Cuando así sucede, la cena se torna en un amasijo de fotografías sepia que
conducen al dolor desesperado.
Uno supone que
esta reacción, en cierto modo lógica, se acentúa más en estos tiempos en que la
muerte se ha convertido en un tabú, acaso el más importante de esta sociedad.
No, no es que
antaño las muertes no afectasen a los seres queridos. El dolor que produce la
pérdida de un ser amado, o su intensidad, poco tiene que ver con este asunto.

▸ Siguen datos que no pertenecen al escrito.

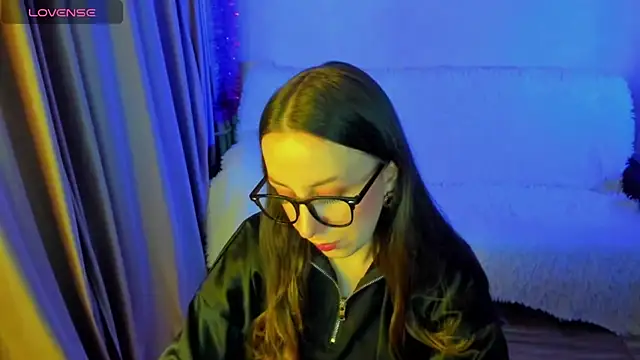 CurlySteph online show from January 5, 5:27 pm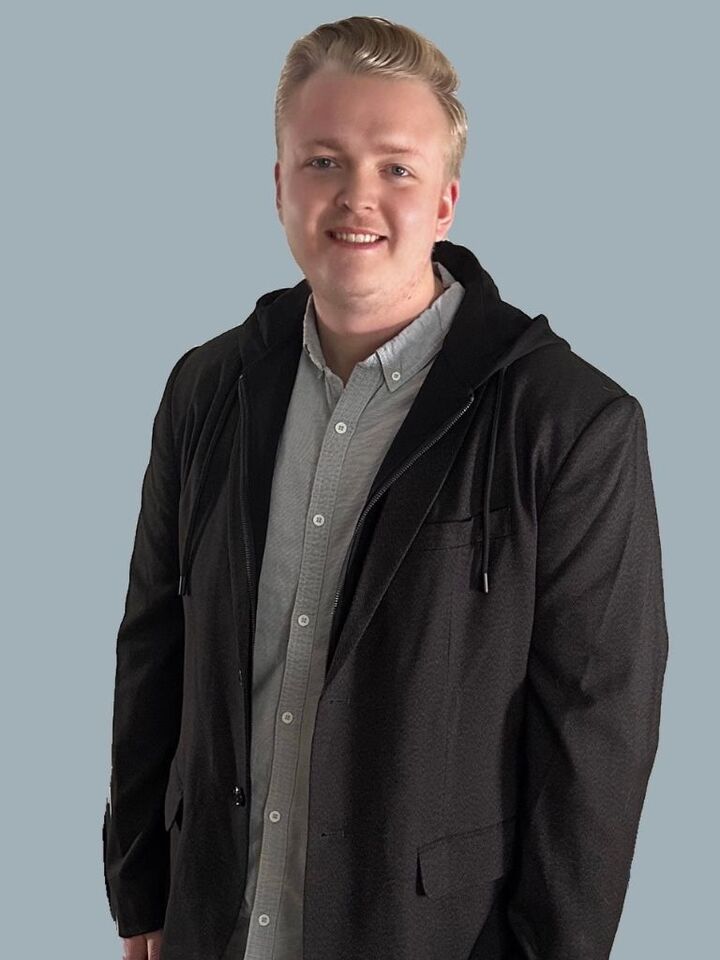 Carter Srochenski, in Regina, Coldwell Banker Local Realty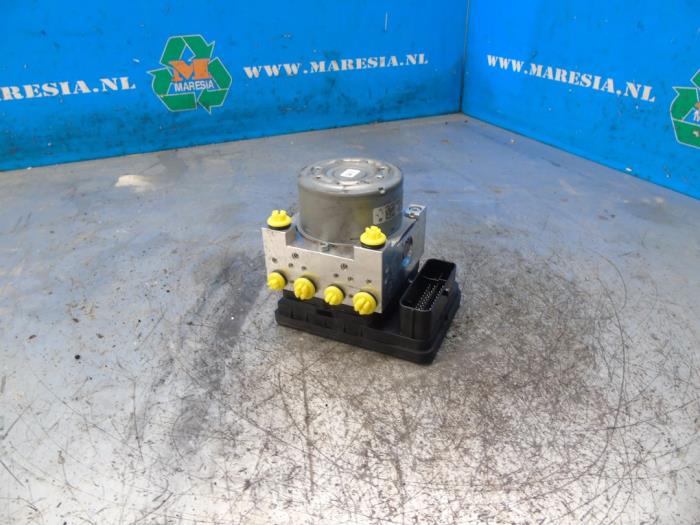 Usagé Bloc ABS Opel Corsa F (UB/UH/UP) 1.2 12V 75 Prix € 194,25 Règlement à la marge proposé par Maresia Auto Recycling B.V.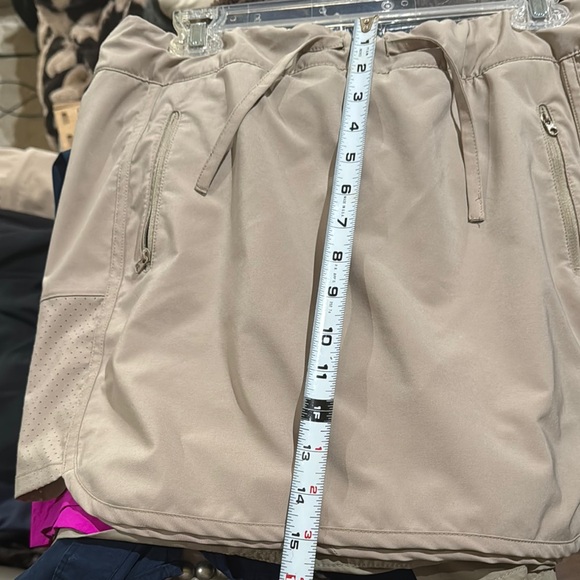 Magellan Outdoors 15” performance skirt with short liner and tie front.  Sz L - Picture 7 of 8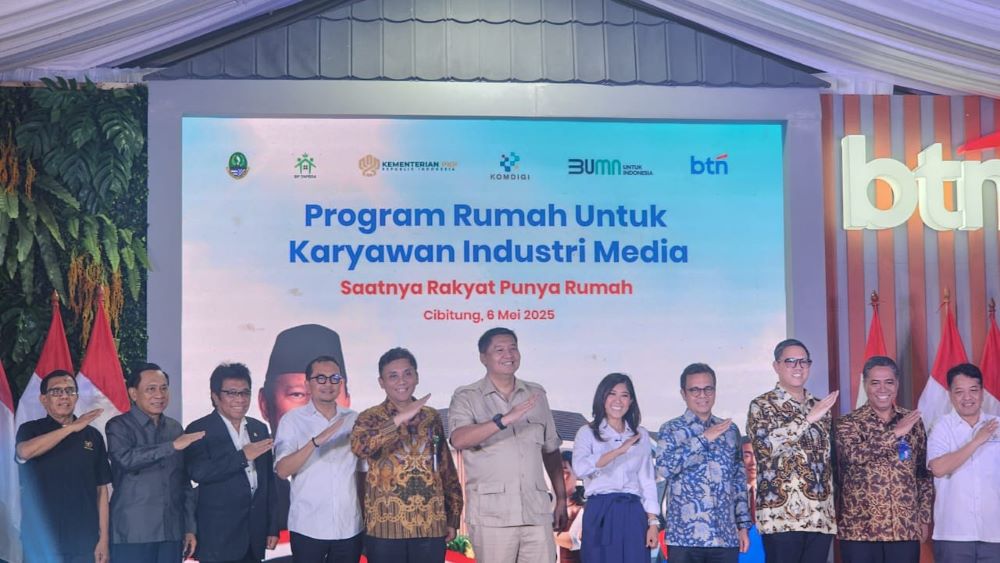 Menteri PKP Bagikan Kunci Rumah Subsidi Bagi Wartawan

Porque si no doliera, sino provocase un desgarro en el alma, entonces no
hablaríamos de seres humanos, sino de monstruos a los que convendría acercarse
poco, no vayan a despedazarnos. Pero acaso la falta de esperanza sea lo que
identifique o cambie la perspectiva. Y esa falta de esperanza es la que añade
una pesada carga de impotencia al dolor.
No es un
contrasentido hablar de estas cosas precisamente hoy, porque una de las razones
de la alegría que representa esta nochebuena es el nacimiento de un niño que
vino a traer la esperanza, precisamente eso que tanto falta en estos últimos
años a este país.
Tampoco eran
tiempos fáciles aquellos. En realidad para los pobres, para los que viven con
el día y la noche como cobertores de su existencia, son siempre tiempos difíciles,
siempre caminando en peligroso ejercicio de equilibrismo sobre el borde de un
precipicio.
Por desgracia
la historia nunca se escribe desde el punto de vista de las víctimas, siempre lo hacen las plumas que se afilan para hacerse altavoz tonante de los vencedores, de los
opresores. Pero aún así, en algunos textos proféticos de aquella época, se
cuelan los gritos y las quejas de quienes padecen la extrema injusticia de un doble poder
que los aplasta, los deseos de los pobres de Israel, los anawin bíblicos que, además de soportar la injusticia de sus
dirigentes tradicionales a través de un asfixiante poder teocrático cuyo centro
es el Templo de Jerusalén, también soportan la opresión de la sandalia romana
que con su pragmatismo habitual, prefiere alejarse de discusiones religiosas,
siempre y cuando consiga los beneficios económicos y estratégicos que necesita
el Imperio. Ambos poderes, a pesar de las reticencias mutuas, pronto encuentran
el modo de entenderse y de establecer acuerdos que les permiten coexistir sin
perder mucho de lo que tenían, aunque no obtengan todo lo que pretendían. (Siempre ha
sido así entre los dirigentes y políticos, siempre será así. El ser humano
cambia poco, en el fondo).
Sí, hay
esperanza. Su sendero está claramente trazado y no es sencillo. Empieza abajo
del todo, donde nadie buscaría a Dios, y allí se esconde, allí late frágil y
expuesta a todos los peligros. Sólo depende de cada uno que no se haga añicos,
como una vasija del más delicado y hialino de los cristales.